After a delicious lunch, we often feel drowsy. This dip after lunch is known as afternoon apathy syndrome. This is why in Spain, people take siestas or afternoon naps. To make sure that you stay energetic even after lunch, you need to make sure that you take proper care of your body as well as eat a healthy diet to fuel your body for the rest of the day. Inadequate sleep also plays a major role in post-lunch afternoon dips.
Let us take a look at the 10 ways by which you can fight off drowsy feeling and stay focused and energetic even after lunch:
1. Always eat a good breakfast
Have you heard of the saying, ‘Breakfast is the most important meal of the day’? Well, whoever said it knew what they were talking about. Eating a healthy breakfast is important as it keeps your body fueled with nutrients and you also feel less tempted to eat unhealthy foods during lunch time. You stay physically and mentally fit all day.
2. Watch your lunch diet
What you have on your lunch menu makes a huge difference on how drowsy you feel after as it impacts the levels of your energy during afternoon. Opt for fresh and light foods rather than junk or fast food. Junk foods contain sugar, fats, flavor enhancers and preservatives which taste great but do nothing for your body as a fuel.
3. Eat small meals
Instead of gorging yourself in one sitting for lunch, eat small portions throughout the day. This way, you do not feel too full yet your body gets all the nutrients it needs to keep you going for the rest of the day. Rather than ordering pasta, get a small sandwich of your liking made out of whole wheat and maybe, a cup of yogurt that is low fat. It will make a huge difference on how you feel after lunch.
4. Make lunch high-protein and low-carb
When you eat a lunch that is high on carbs, insulin fills your body to process all the carbs you just took in and this makes you drowsy. It is best to avoid sugar, white rice, potatoes, pasta, etc. if you want to stay alert post-lunch.
5. Skip the wine
Many of us like a glass of wine with lunch but experts say that it is best to avoid wine, or beer for that matter. Alcohol is a sedative and it is no surprise that you will feel drowsy even if it is just one small glass with lunch.

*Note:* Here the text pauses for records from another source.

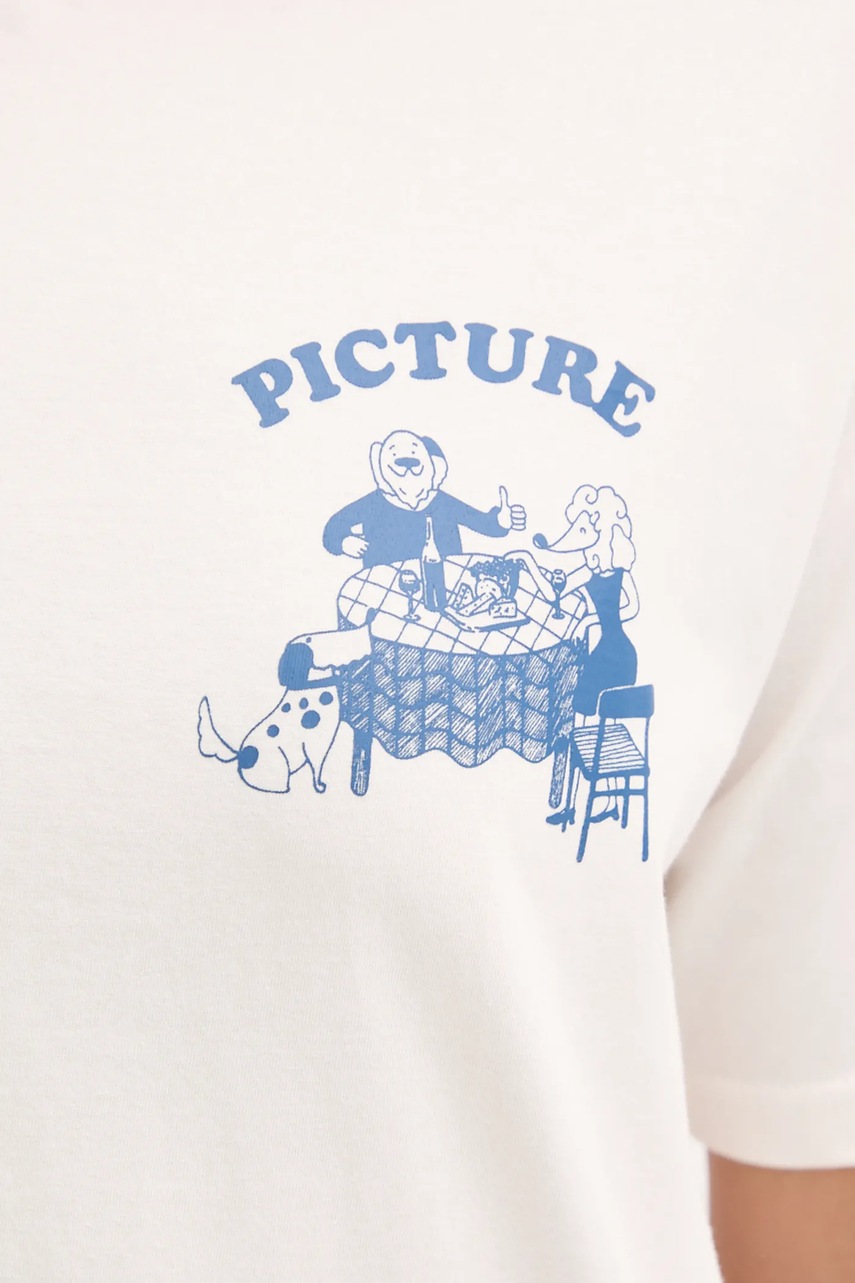 Βαμβακερό μπλουζάκι Picture D&S Doggo γυναικείο, χρώμα: μπεζ, WTS0554 φωτογραφία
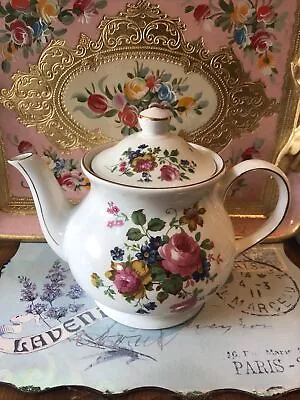 Buy Sadler ‘Olde Chintz’ Teapot -Made In England 2 Pint • 20£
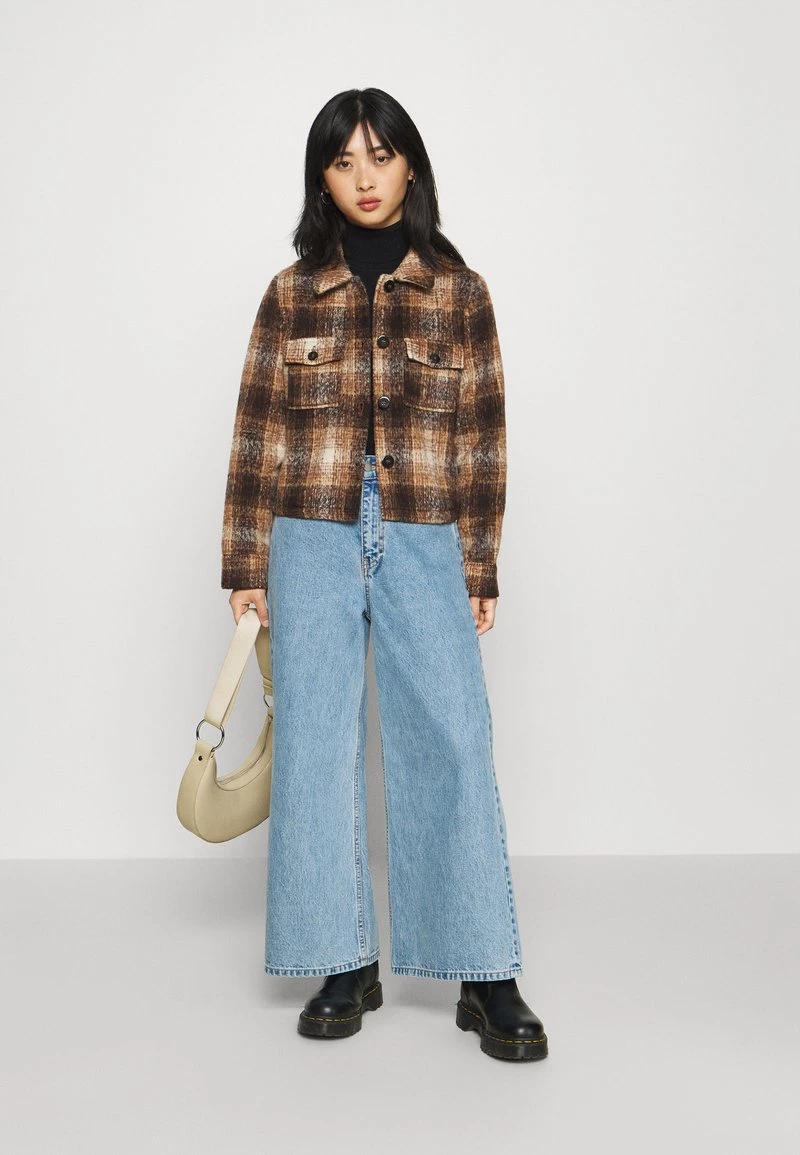 Billig ✨ ONLY Petite Damen ONLLOU CHECK JACKET - Leichte Jacke - Pumice Stone 🛒 – Bild 2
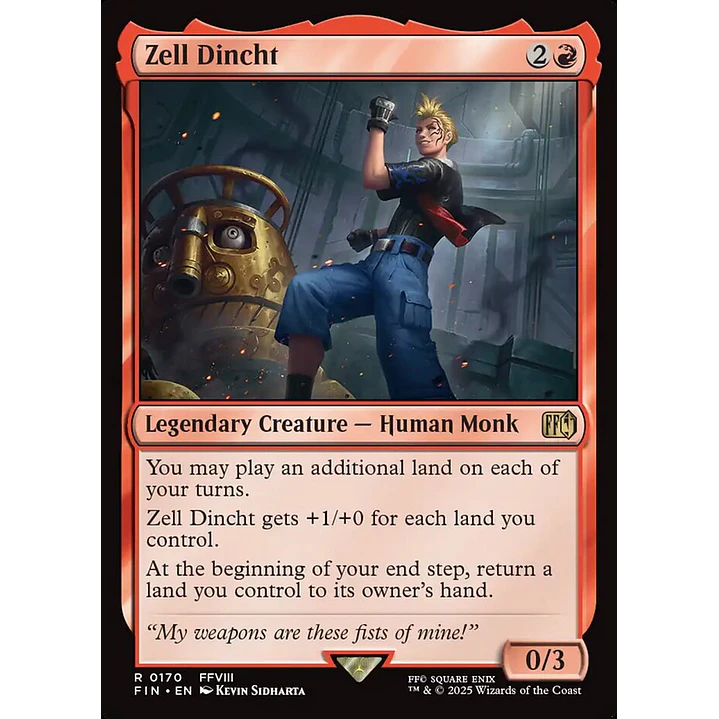 Zell Dincht | Inglés | NM | FIN 1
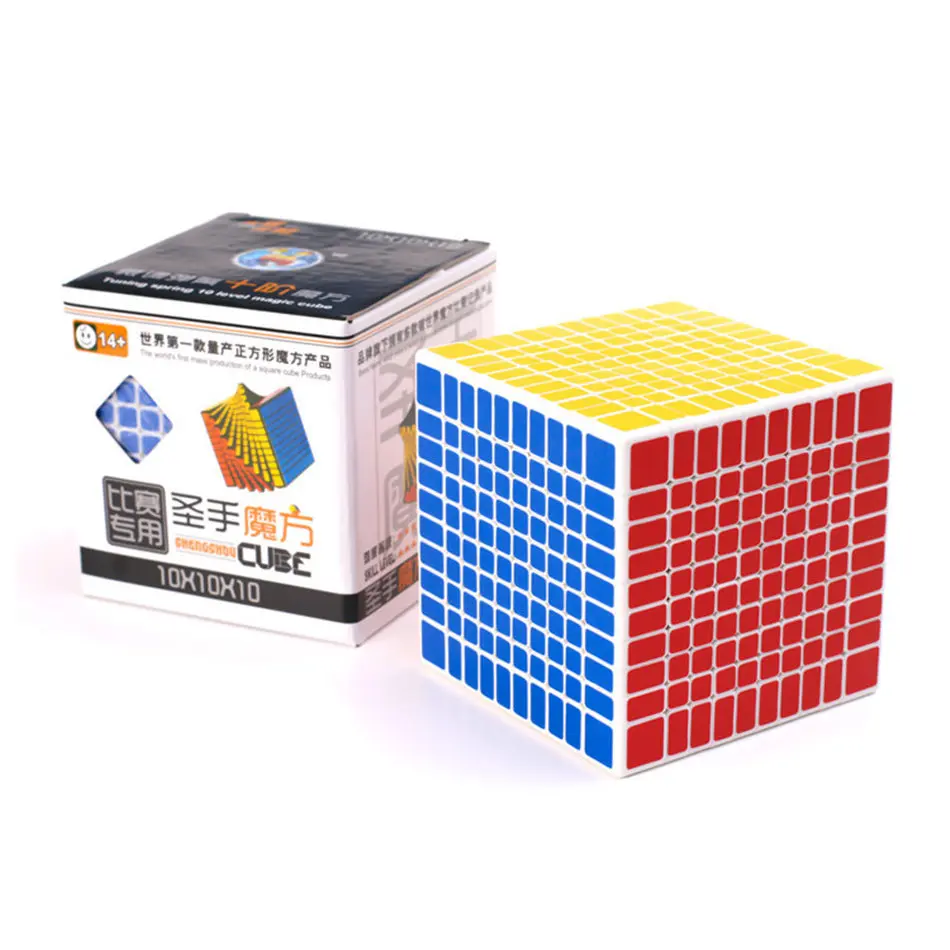 Shengshou 10x10 кубик рубика черно-белая наклейка 10x10x10 волшебный куб 10 слоев скоростной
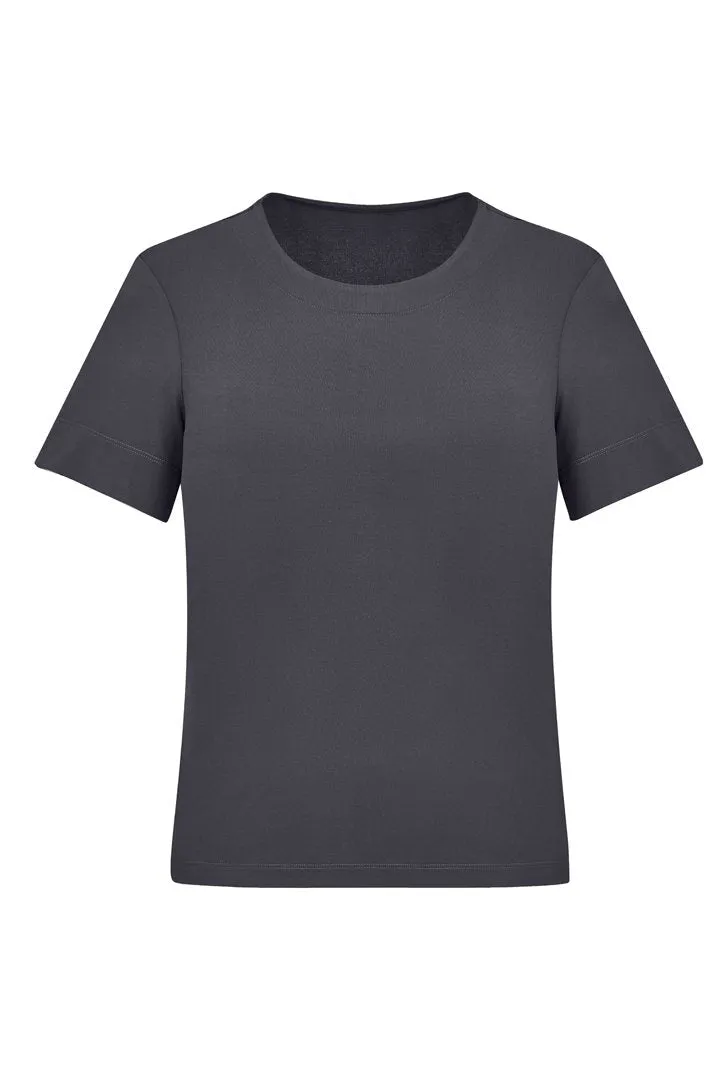 Biz Care Womens Marley Jersey T-Top  (CS952LS)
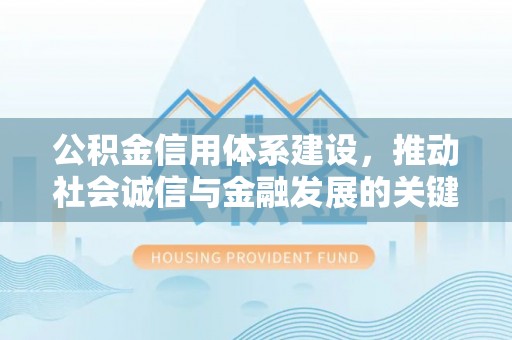 当阳公积金信用体系建设，推动社会诚信与金融发展的关键桥梁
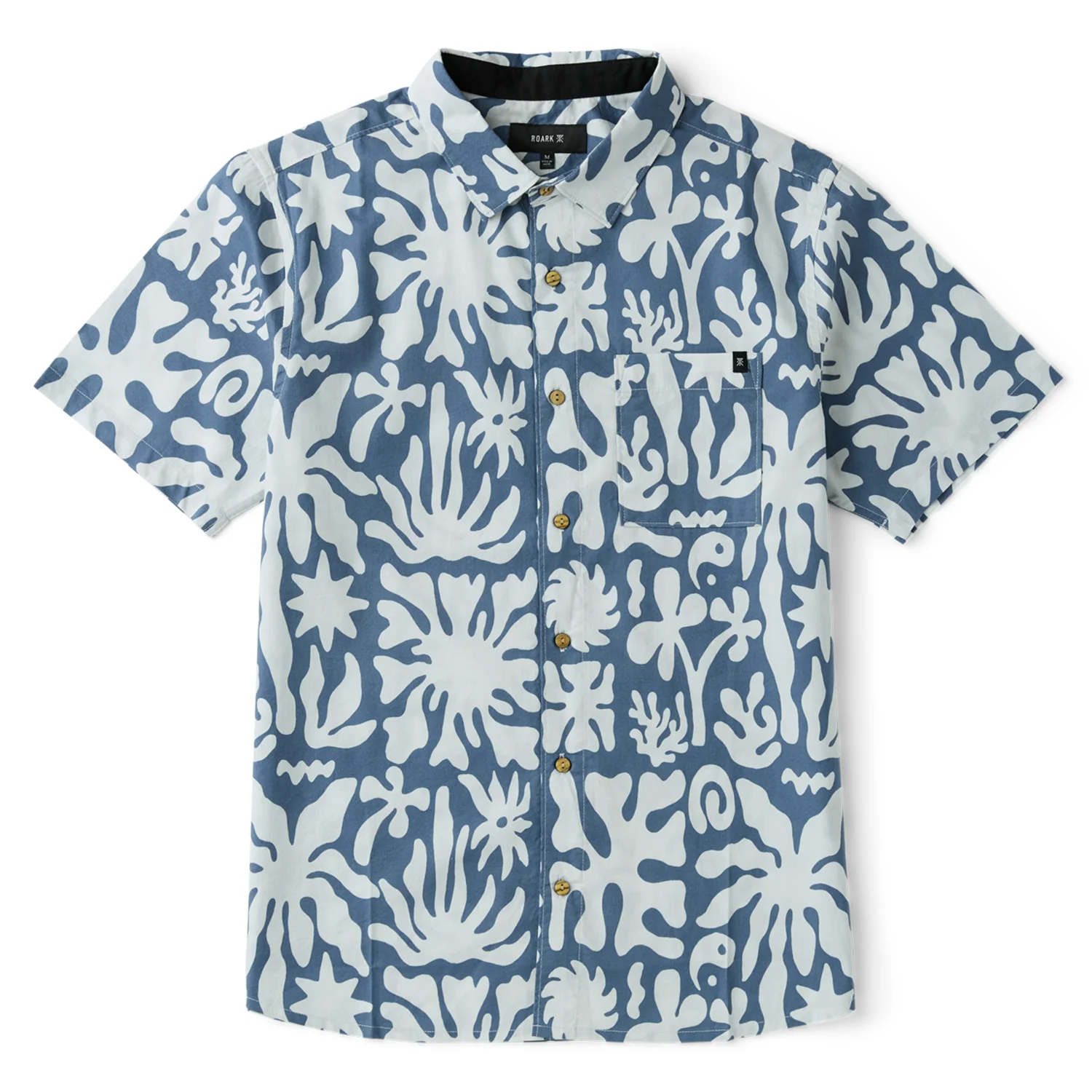 Roark Men's Journey S/S Woven Shirt Neptune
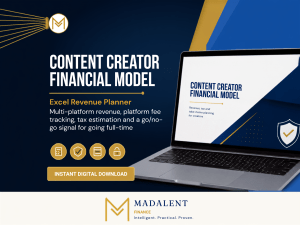 Content Creator Financial Model & Revenue Planner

6. Drop caffeine after lunch
I know that this will take some getting used to especially since a lot of people use it to stay alert. The fact is that when we depend on caffeine too much, we need to keep drinking more as a cup or two becomes ineffective in helping us keep awake and alert.
7. Hydrate yourself with water
Once you have dropped your coffee intake, replenish your body with water and keep yourself hydrated all day. You are likely to feel less drowsy or fatigued when you supply your body with water.
8. Eat healthy snacks
We all tend to feel a little puckish around mid-afternoon. Although it can be tempting to get a bar of chocolate to snack on, think of the effect it will have on you and opt for a cracker, a wholegrain one if possible, or get a fruit like an apple or a banana instead.
9. Exercise after lunch
When I say this, I do not mean head to the gym and have a rigorous workout session. Light exercises like walking around the corner or taking the stairs can do wonders in keeping drowsiness and fatigue at bay due to the fact that light exercises keep your blood flowing.
10. Get enough beauty sleep
It has already been mentioned that sleep plays a major role in afternoon dips. Doesn’t it make sense that if your body does not get enough rest at night, by afternoon the next day, fatigue will set in? You need to make sure that you get enough sleep every night.
When you follow these suggestions, you will find that you have more energy during the day and post-lunch afternoon dips will be a thing of the past. All you need to do is make sure that you sleep well, eat right and take proper care of your body.